■ Task item
Copy every line below. Do not alter any of them.

■ Dataset extract
════════

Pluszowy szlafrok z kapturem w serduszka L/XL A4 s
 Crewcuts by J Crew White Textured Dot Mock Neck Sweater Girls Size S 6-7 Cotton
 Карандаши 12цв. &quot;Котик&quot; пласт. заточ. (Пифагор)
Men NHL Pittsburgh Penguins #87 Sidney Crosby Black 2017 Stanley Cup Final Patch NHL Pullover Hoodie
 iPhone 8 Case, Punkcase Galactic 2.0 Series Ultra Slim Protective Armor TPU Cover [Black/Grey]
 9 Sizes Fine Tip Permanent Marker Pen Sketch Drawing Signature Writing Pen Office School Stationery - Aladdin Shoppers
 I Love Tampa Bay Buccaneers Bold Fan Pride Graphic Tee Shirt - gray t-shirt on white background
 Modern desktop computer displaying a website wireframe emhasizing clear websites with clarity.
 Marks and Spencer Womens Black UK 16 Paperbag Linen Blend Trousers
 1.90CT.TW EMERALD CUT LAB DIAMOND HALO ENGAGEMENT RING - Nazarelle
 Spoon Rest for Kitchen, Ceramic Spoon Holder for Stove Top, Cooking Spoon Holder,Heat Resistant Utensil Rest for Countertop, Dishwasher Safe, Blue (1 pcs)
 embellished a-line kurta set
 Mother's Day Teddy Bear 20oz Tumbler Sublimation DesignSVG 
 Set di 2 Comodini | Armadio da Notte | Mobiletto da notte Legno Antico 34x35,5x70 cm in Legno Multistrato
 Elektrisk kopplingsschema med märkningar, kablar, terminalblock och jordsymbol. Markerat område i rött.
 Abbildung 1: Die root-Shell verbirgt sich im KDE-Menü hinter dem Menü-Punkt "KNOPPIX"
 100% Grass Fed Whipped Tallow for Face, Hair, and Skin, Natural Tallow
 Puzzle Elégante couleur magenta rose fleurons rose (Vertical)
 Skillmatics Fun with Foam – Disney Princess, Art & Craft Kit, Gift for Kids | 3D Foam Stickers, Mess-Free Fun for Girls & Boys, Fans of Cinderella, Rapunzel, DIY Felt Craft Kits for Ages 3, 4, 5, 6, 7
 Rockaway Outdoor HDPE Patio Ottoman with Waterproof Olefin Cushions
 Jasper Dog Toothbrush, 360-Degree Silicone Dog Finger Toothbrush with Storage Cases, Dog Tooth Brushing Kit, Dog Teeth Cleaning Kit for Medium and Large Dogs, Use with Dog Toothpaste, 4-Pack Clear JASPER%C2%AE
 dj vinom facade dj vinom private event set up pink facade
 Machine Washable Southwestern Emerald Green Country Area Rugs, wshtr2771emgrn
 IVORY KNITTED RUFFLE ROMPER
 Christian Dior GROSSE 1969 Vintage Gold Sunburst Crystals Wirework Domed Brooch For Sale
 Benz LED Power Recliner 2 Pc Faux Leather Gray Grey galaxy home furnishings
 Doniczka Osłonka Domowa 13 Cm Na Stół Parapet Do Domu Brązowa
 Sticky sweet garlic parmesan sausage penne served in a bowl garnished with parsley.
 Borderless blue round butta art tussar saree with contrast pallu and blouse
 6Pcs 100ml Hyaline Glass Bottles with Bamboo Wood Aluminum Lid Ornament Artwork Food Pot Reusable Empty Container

════════

■ Result of the exercise
Pluszowy szlafrok z kapturem w serduszka L/XL A4 s
 Crewcuts by J Crew White Textured Dot Mock Neck Sweater Girls Size S 6-7 Cotton
 Карандаши 12цв. &quot;Котик&quot; пласт. заточ. (Пифагор)
Men NHL Pittsburgh Penguins #87 Sidney Crosby Black 2017 Stanley Cup Final Patch NHL Pullover Hoodie
 iPhone 8 Case, Punkcase Galactic 2.0 Series Ultra Slim Protective Armor TPU Cover [Black/Grey]
 9 Sizes Fine Tip Permanent Marker Pen Sketch Drawing Signature Writing Pen Office School Stationery - Aladdin Shoppers
 I Love Tampa Bay Buccaneers Bold Fan Pride Graphic Tee Shirt - gray t-shirt on white background
 Modern desktop computer displaying a website wireframe emhasizing clear websites with clarity.
 Marks and Spencer Womens Black UK 16 Paperbag Linen Blend Trousers
 1.90CT.TW EMERALD CUT LAB DIAMOND HALO ENGAGEMENT RING - Nazarelle
 Spoon Rest for Kitchen, Ceramic Spoon Holder for Stove Top, Cooking Spoon Holder,Heat Resistant Utensil Rest for Countertop, Dishwasher Safe, Blue (1 pcs)
 embellished a-line kurta set
 Mother's Day Teddy Bear 20oz Tumbler Sublimation DesignSVG 
 Set di 2 Comodini | Armadio da Notte | Mobiletto da notte Legno Antico 34x35,5x70 cm in Legno Multistrato
 Elektrisk kopplingsschema med märkningar, kablar, terminalblock och jordsymbol. Markerat område i rött.
 Abbildung 1: Die root-Shell verbirgt sich im KDE-Menü hinter dem Menü-Punkt "KNOPPIX"
 100% Grass Fed Whipped Tallow for Face, Hair, and Skin, Natural Tallow
 Puzzle Elégante couleur magenta rose fleurons rose (Vertical)
 Skillmatics Fun with Foam – Disney Princess, Art & Craft Kit, Gift for Kids | 3D Foam Stickers, Mess-Free Fun for Girls & Boys, Fans of Cinderella, Rapunzel, DIY Felt Craft Kits for Ages 3, 4, 5, 6, 7
 Rockaway Outdoor HDPE Patio Ottoman with Waterproof Olefin Cushions
 Jasper Dog Toothbrush, 360-Degree Silicone Dog Finger Toothbrush with Storage Cases, Dog Tooth Brushing Kit, Dog Teeth Cleaning Kit for Medium and Large Dogs, Use with Dog Toothpaste, 4-Pack Clear JASPER%C2%AE
 dj vinom facade dj vinom private event set up pink facade
 Machine Washable Southwestern Emerald Green Country Area Rugs, wshtr2771emgrn
 IVORY KNITTED RUFFLE ROMPER
 Christian Dior GROSSE 1969 Vintage Gold Sunburst Crystals Wirework Domed Brooch For Sale
 Benz LED Power Recliner 2 Pc Faux Leather Gray Grey galaxy home furnishings
 Doniczka Osłonka Domowa 13 Cm Na Stół Parapet Do Domu Brązowa
 Sticky sweet garlic parmesan sausage penne served in a bowl garnished with parsley.
 Borderless blue round butta art tussar saree with contrast pallu and blouse
 6Pcs 100ml Hyaline Glass Bottles with Bamboo Wood Aluminum Lid Ornament Artwork Food Pot Reusable Empty Container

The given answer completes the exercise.